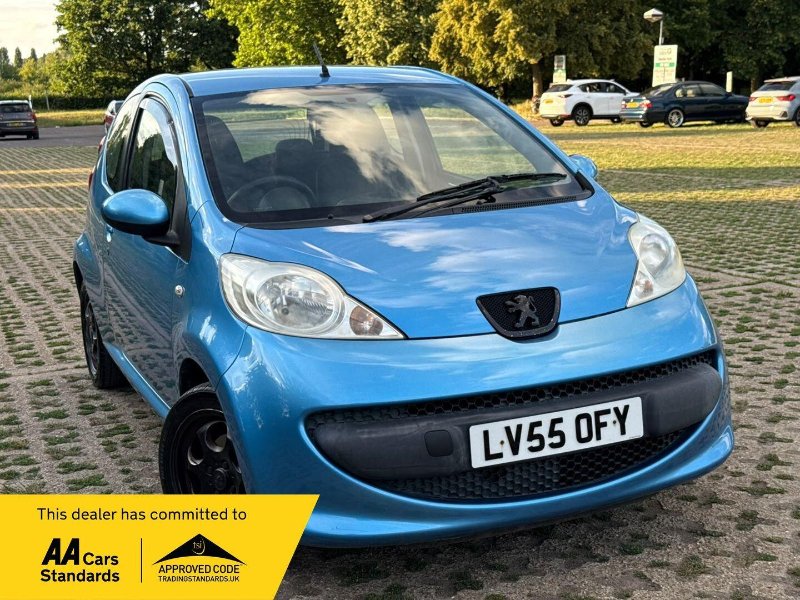 2005 PEUGEOT 107 1.0 12V URBAN HATCHBACK 3DR PETROL MANUAL EURO 4 68 PS 1,499... photo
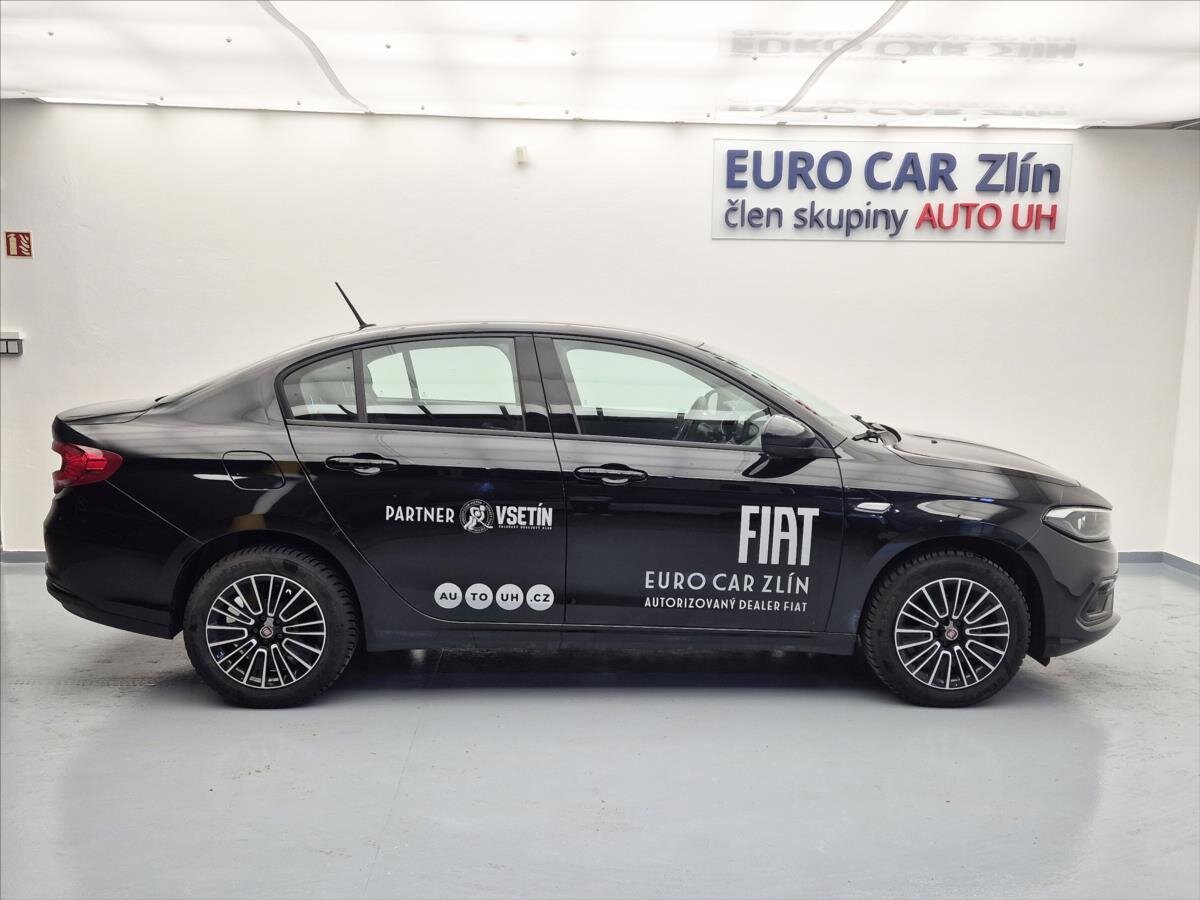 Fiat Tipo Sedan / Limuzína 999,0 73 kw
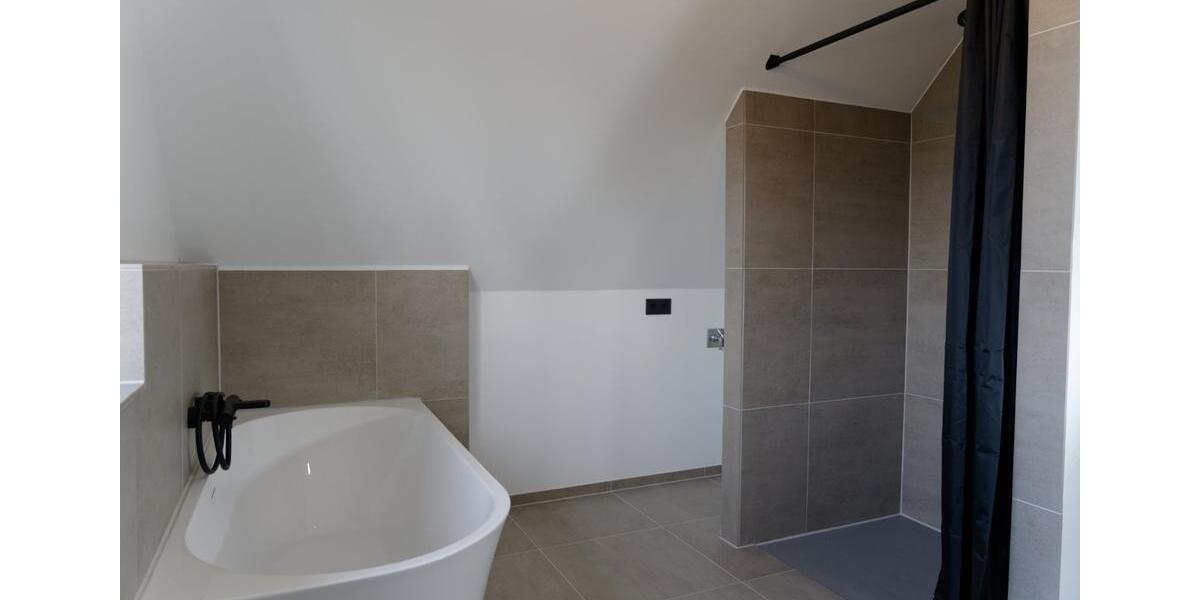 Dachgeschoßwohnung Ebstorf - 2 Zimmer, 80 m&sup2;, 900&euro; | Angebot:26549344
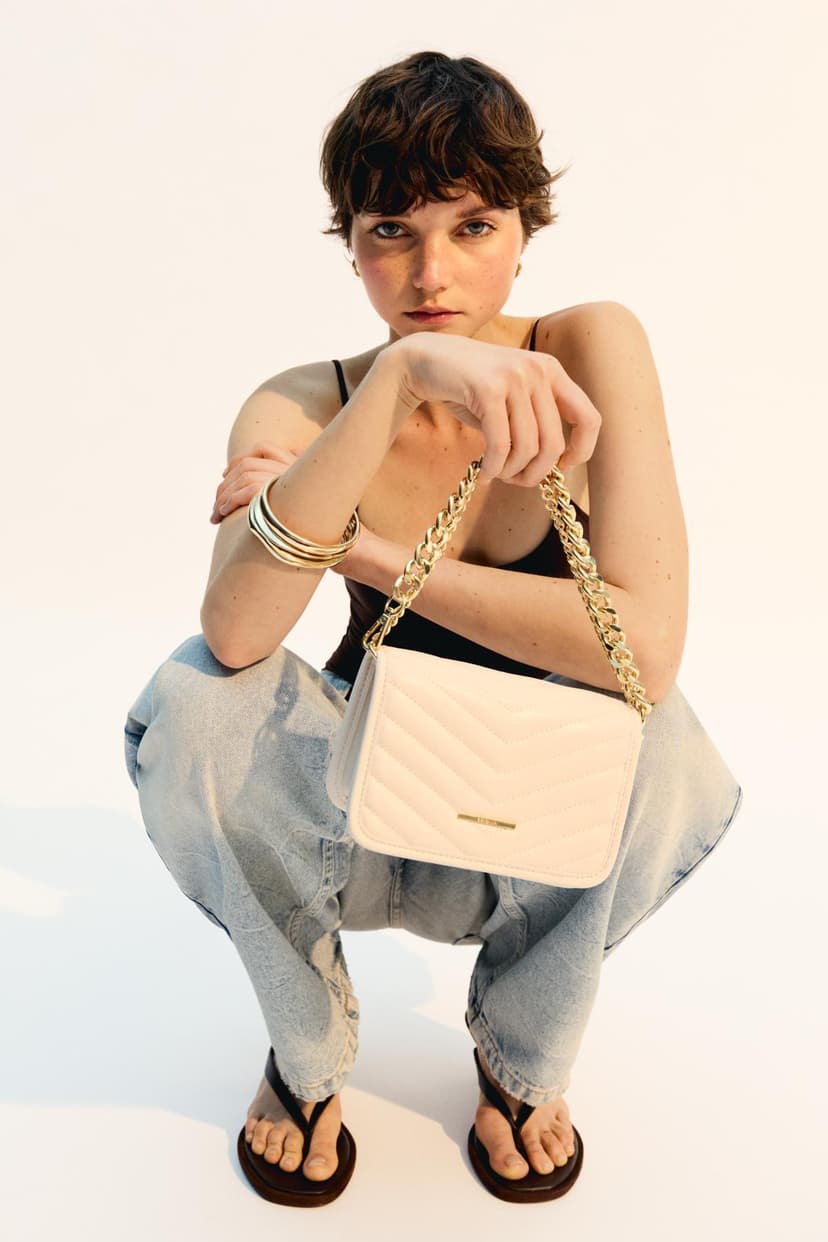 کیف زنانه Bershka کپیتونه با زنجیر کراسبادی کیف زنانه Bershka کپیتونه با زنجیر کراسبادی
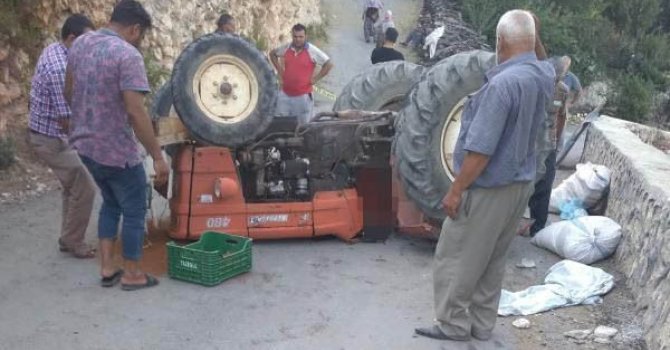 Devrilen traktörün altında kalan yaşlı adam hayatını kaybetti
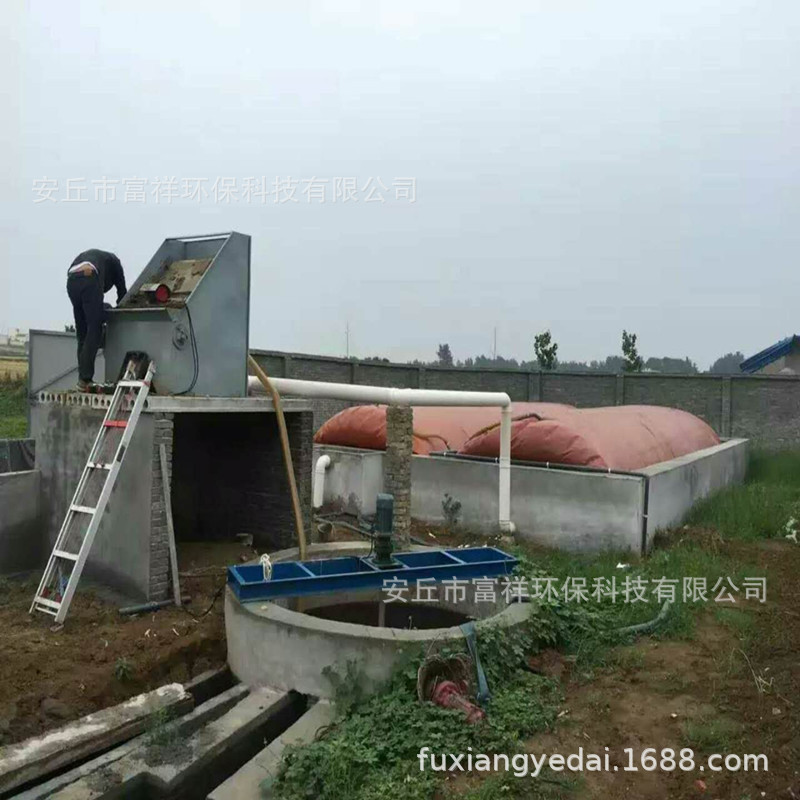 养殖场大型沼气池设计生产安装红泥软体沼气黑膜沼气沼气工程设备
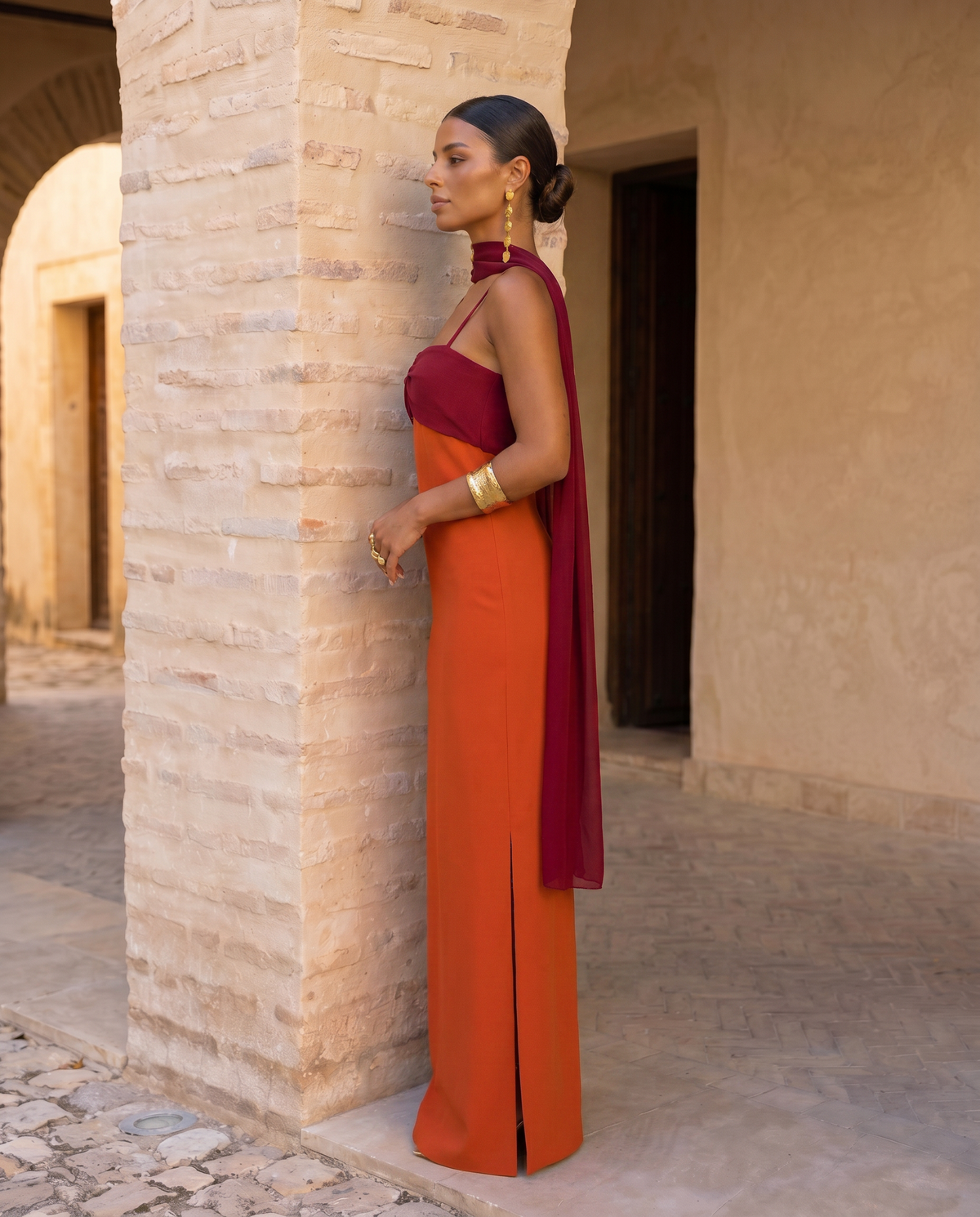 Vestido en Naranja con Escote en Rojo
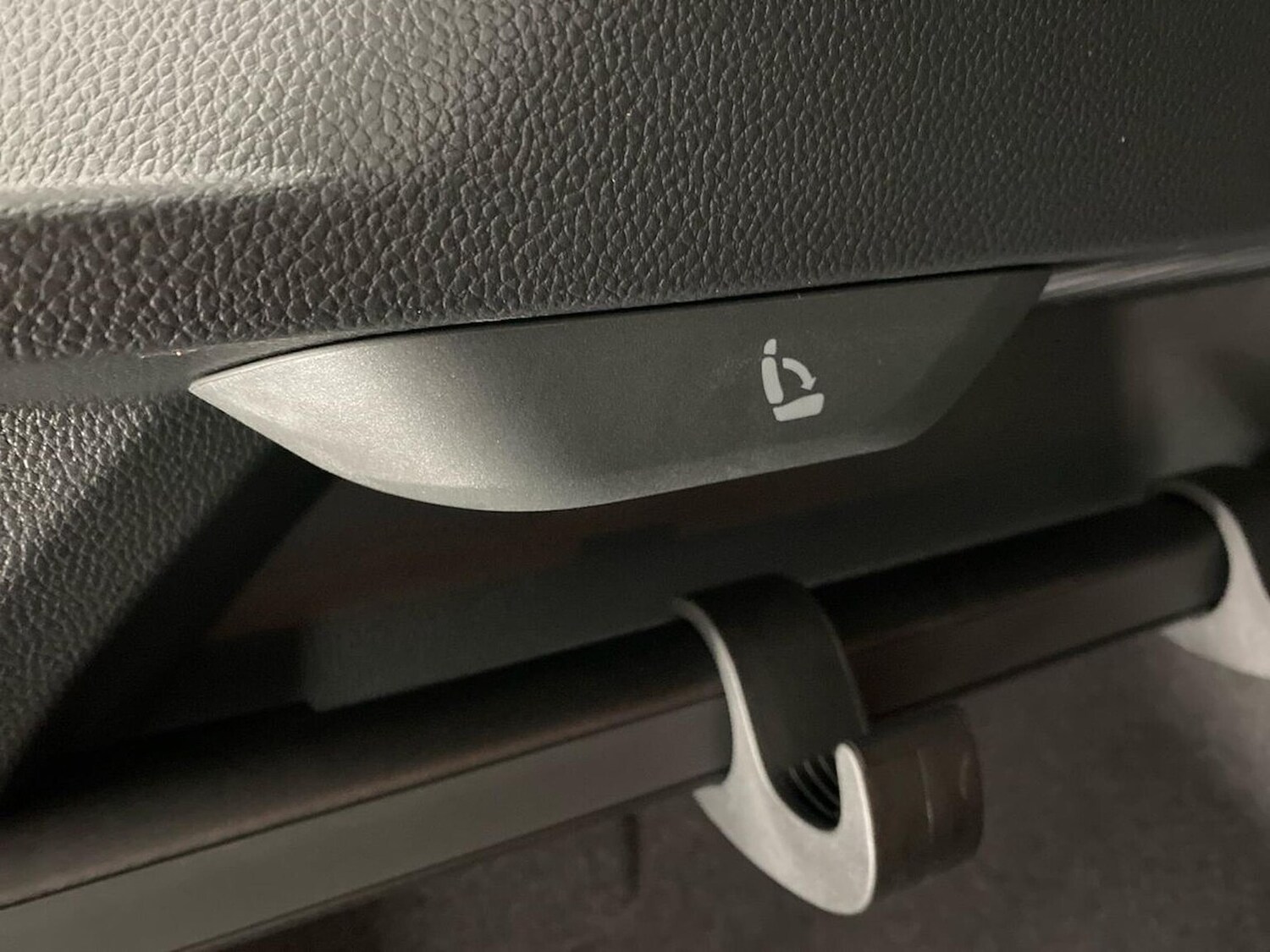 Used Skoda Karoq 2024 for sale - 76273539: Photo 31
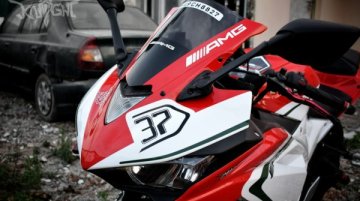 Yamaha YZF-R3 with MV Agusta Livery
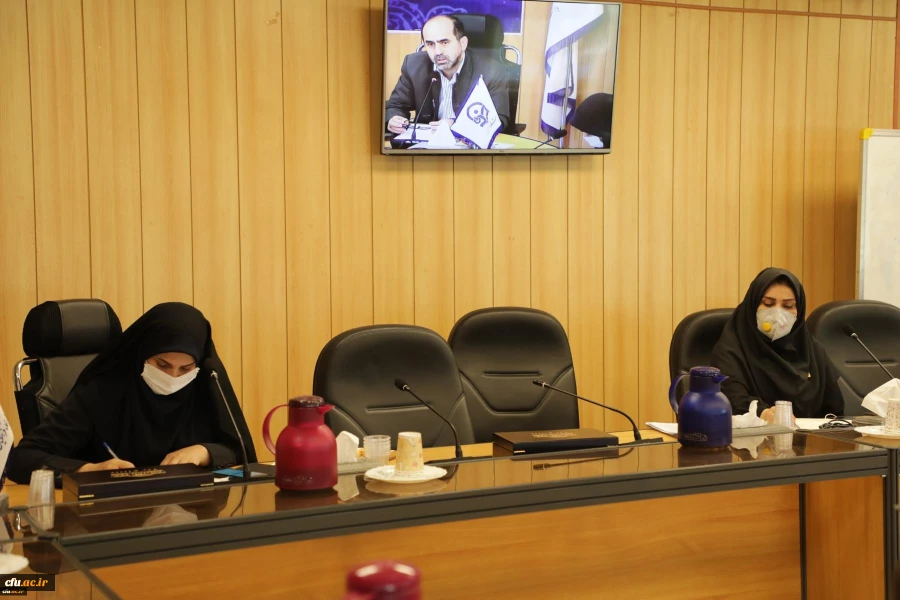 جلسه ویدئو کنفرانس معاونت دانشجویی با نمایندگان سرپرستان شبانه روزی کل کشور برگزار شد
 4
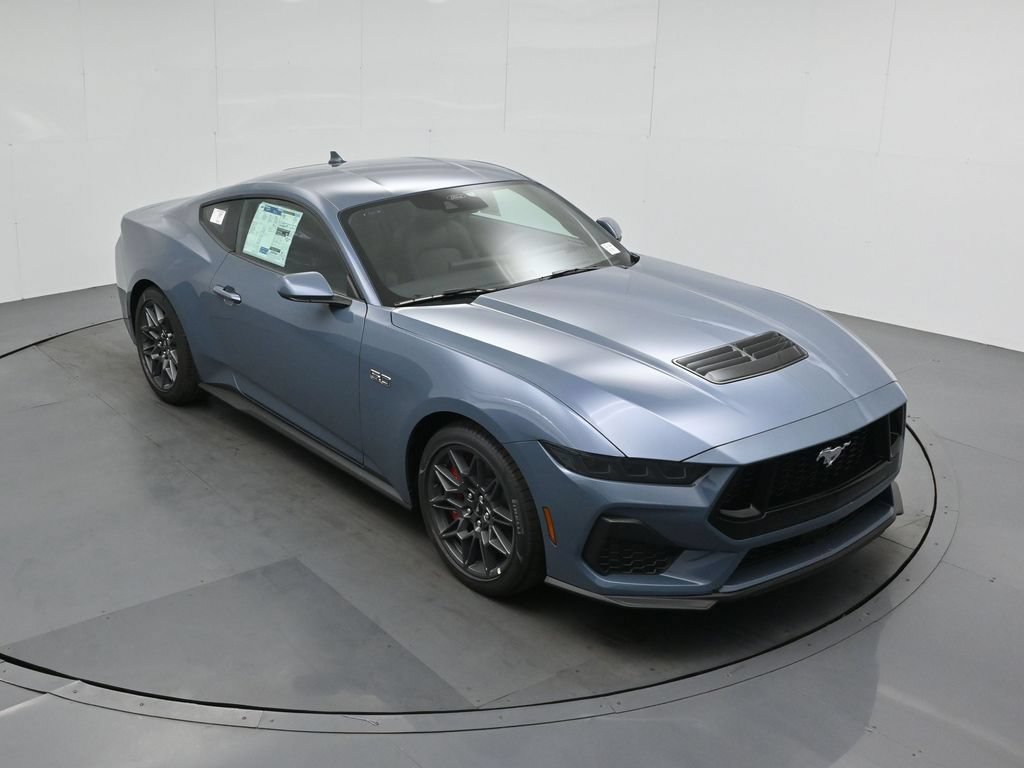 New 2026 Ford Mustang GT Premium w/ GT Performance Package RWD image 33
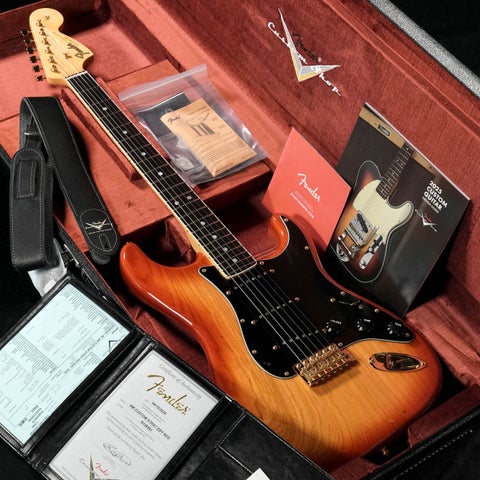 Fender Custom Shop / American Custom Stratocaster NOS Sienna Sunburst  【渋谷店】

== INSTRUCTIONS FOR THE TASK ==
In the records above, find the line containing "New 2026 Ford", then please restate it and each line after it word for word, pictures excluded.

== RESULT FOR THIS EXERCISE ==
 New 2026 Ford Mustang GT Premium w/ GT Performance Package RWD image 33
 Fender Custom Shop / American Custom Stratocaster NOS Sienna Sunburst  【渋谷店】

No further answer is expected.